As you know, the company is a large financial institution. It provides investment and insurance services. But now is a tough time for cyclicals, including financials. Low interest rates, low insurance costs and investors’ panic all add up to uncertainty around Legal & General. As a result, the company’s shares trade at levels unseen since 2016. Let’s look at the fundamentals to see whether the low share price is justified.
FTSE 100 company’s fundamentals
|P/E ratio||Dividend yield||ROE||Moody’s credit rating||S&P credit rating||Book value per share||P/B|
Source: Legal & General
I think there are plenty of things that make the company look like a great investment opportunity and a steal at the current share price. Needless to say, the price-to-earnings ratio of about 7 makes it look like a bargain. Legal & General seems to be a highly efficient business as its ROE ratio (return-on-equity) is above 20%. Generally, an ROE of 15%-20% is considered to be good.
The dividend yield of 8.7% (over and above the FTSE 100’s average of about 4%) looks great. But what I particularly like about the dividend is the fact that it seems to be sustainable. Despite pressure from the Bank of England and the stream of UK banks cancelling dividends, Legal & General still decided to pay one this year.
The company also seems to be financially sound. Both S&P and Moody’s left its credit ratings unchanged, in spite of recession fears. They’re still high investment grade. This is mostly due to Legal & General’s size and scale of operations. It’s one of the largest companies in Europe with £1trn in assets under management and a market cap of around £12bn.
The price-to-book ratio of 1.29 is not particularly high as it’s below the FTSE 100’s average of 1.39. But at the same time, it doesn’t make the company look like a value trap from this point of view.

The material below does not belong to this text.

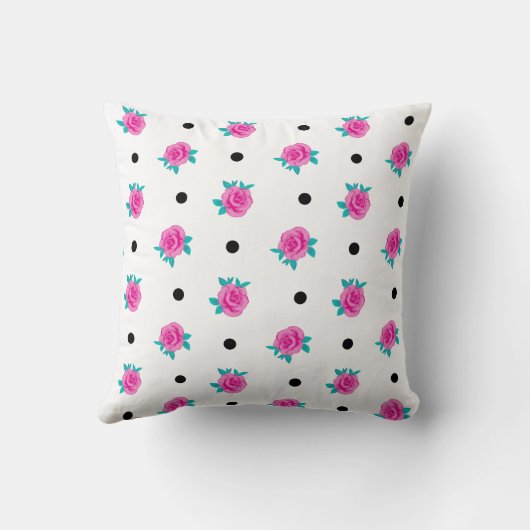 Roze Rozen & Polka Dots – Whimsy Home Patterned Kussen (Achterkant)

Profits and dividends history
|EPS||28.66 p||24.74 p||23.10 p||21.22 p|
|Dividend per share||17.57 p||16.42 p||15.35 p||14.35 p|
Source: Legal & General
Overall, the picture looks quite inspiring. Rising earnings per share and ever-increasing dividends are what a defensive income investor should aim for. OK, there’s no dramatic growth. But instead, there’s steady growth, which seems to guarantee some stability.

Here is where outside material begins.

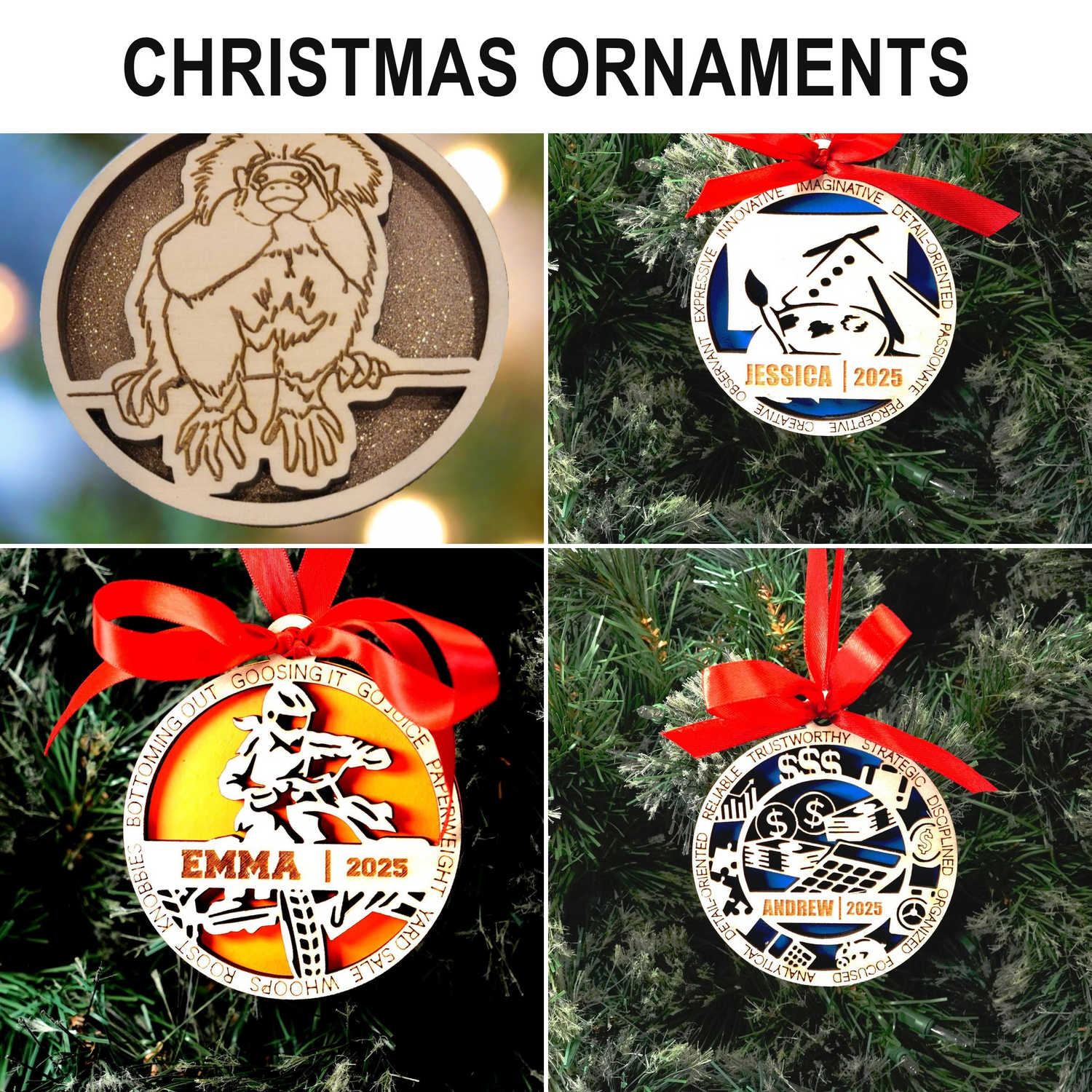 Layered wood Christmas ornaments — product photos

Also good is the fact that Legal & General’s CEO Nigel Wilson owns 2,997,796 of his company’s shares. They’re now worth about £6m. This, in my view, is a great motivator for the CEO to work for the benefit of the shareholders.
There’s one thing, however, that makes me cautious. I compared the company’s income statement to the cash flow statement. Even though EPS seem to be rising beautifully, the net cash flows from operating activities aren’t growing the way earnings are. In fact, the figure was negative in 2019, totalling -£3,285m as opposed to -£361m in 2018. This doesn’t look quite logical to me.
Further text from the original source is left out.